Frictionless Quickstart

We've made it as bulletproof as possible to boot up the decentralized stack locally.

Prerequisites

  • Docker & Docker Compose
  • Flutter SDK
  • Go 1.21+

⚠️ Crucial Network Note: The Flutter mobile app must connect to the machine's local network IP address (e.g., 192.168.1.X), not localhost! If running on a physical device or emulator, update your config accordingly.

Step 1: Spin up Local OSRM

Start the local offline routing engine.

docker compose -f docker-compose.osrm.yml up -d

Step 2: Run Go P2P Node

Launch the decentralized mesh network daemon.
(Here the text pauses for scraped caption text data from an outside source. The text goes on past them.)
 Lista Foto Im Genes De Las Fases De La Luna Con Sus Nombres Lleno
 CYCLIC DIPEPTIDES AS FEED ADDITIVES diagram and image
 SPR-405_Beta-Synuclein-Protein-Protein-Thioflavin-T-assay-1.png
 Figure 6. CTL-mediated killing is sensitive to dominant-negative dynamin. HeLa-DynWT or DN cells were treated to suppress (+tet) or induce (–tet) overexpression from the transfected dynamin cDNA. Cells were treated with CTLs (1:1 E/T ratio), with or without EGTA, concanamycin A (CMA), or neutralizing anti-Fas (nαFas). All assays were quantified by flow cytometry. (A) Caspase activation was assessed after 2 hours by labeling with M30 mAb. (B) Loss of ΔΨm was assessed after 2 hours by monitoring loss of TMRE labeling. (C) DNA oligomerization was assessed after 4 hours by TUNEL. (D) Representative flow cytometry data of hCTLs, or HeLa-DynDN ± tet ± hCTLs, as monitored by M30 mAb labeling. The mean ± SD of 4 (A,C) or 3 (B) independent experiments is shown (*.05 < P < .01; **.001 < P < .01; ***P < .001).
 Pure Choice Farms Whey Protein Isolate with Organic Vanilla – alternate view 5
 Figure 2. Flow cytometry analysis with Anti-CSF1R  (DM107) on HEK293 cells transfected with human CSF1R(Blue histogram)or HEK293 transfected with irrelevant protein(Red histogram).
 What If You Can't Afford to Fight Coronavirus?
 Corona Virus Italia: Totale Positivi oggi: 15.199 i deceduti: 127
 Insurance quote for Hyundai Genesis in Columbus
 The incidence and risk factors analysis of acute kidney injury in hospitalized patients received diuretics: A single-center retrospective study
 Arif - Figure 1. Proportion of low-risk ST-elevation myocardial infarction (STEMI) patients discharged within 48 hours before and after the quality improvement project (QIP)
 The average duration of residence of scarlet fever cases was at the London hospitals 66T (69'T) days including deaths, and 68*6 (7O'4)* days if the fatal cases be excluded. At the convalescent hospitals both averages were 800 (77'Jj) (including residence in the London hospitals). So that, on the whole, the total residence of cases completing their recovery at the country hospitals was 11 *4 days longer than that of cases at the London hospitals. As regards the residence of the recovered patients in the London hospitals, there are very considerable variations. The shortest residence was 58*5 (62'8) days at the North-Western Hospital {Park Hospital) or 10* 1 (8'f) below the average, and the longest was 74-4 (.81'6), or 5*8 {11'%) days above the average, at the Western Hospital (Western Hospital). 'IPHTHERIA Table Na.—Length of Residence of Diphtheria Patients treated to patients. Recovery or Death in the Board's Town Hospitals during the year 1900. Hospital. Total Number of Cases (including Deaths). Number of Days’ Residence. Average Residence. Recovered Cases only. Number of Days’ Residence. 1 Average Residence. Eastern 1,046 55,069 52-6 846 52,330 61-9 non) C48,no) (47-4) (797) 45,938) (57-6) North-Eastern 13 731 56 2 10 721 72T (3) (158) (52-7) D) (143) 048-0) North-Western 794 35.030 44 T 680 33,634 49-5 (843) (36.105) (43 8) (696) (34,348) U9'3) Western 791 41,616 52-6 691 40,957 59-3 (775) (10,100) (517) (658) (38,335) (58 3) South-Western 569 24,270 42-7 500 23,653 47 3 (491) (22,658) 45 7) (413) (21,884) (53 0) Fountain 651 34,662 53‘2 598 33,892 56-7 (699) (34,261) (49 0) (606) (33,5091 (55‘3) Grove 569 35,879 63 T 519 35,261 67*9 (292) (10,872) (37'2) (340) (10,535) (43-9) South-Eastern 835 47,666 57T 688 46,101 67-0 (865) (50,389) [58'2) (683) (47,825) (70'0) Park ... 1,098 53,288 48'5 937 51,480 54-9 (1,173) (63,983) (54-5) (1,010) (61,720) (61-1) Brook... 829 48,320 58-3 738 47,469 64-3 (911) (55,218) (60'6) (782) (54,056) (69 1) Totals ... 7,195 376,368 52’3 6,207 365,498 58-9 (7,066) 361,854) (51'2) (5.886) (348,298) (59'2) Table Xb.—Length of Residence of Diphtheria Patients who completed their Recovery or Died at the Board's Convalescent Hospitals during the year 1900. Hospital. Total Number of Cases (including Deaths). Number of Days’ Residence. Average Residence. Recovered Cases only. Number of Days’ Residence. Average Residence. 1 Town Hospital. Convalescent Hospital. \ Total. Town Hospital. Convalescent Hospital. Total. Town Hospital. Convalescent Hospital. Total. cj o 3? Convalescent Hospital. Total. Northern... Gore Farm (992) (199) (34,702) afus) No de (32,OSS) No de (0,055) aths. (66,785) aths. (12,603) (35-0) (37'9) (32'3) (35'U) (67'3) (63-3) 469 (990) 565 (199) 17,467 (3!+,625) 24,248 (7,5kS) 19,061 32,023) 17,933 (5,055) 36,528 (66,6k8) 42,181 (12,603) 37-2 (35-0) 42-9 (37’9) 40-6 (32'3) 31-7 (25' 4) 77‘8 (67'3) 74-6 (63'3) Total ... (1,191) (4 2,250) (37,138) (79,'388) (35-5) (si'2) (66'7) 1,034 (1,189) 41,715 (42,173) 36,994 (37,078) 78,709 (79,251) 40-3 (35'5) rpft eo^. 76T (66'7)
cd backend/p2p-node/ && go run main.go

Step 3: Run Flutter App

Start the responder mobile interface.

cd mobile_app && flutter run

Hackathon Journey & Roadmap

Challenges We Conquered

Building a fully decentralized mesh system is inherently difficult. Our biggest hurdle was guaranteeing CRDT convergence over flaky P2P connections. Ensuring that incident states deterministically matched across all devices—without duplicate or orphaned polygons when reconnecting after signal drops—required intense synchronization logic. We also had to heavily focus on battery drain optimization since constant mesh broadcasting severely impacts mobile devices.

What's Next 🚀

  • Hardware Integration: Extending the P2P layer over LoRaWAN hardware modules to cover massive geographical distances during complete cellular grid blackouts.
  • Drone Node Relays: Integrating aerial drones to act as temporary high-altitude P2P mesh relay points, expanding network coverage to otherwise isolated ground units .

Closing & License

OpenRescue is built with Architectural Sovereignty:

  • 100% Open-Source: Every layer is fully FOSS compliant.
  • No Proprietary APIs: No Google Maps, Firebase, or closed SDKs.
  • Fully Offline: Designed to work where big-tech infrastructure ends.

Licensed under the GPL-3.0 License.
© OpenStreetMap contributors
Hackathon built. Real-world ready.

About

OpenRescue is a fully open-source, offline-first emergency coordination system that uses decentralized P2P mesh networking, offline geospatial routing, and on-device ML triage to function even when internet infrastructure fails — ensuring resilient, sovereign, and community-owned disaster response.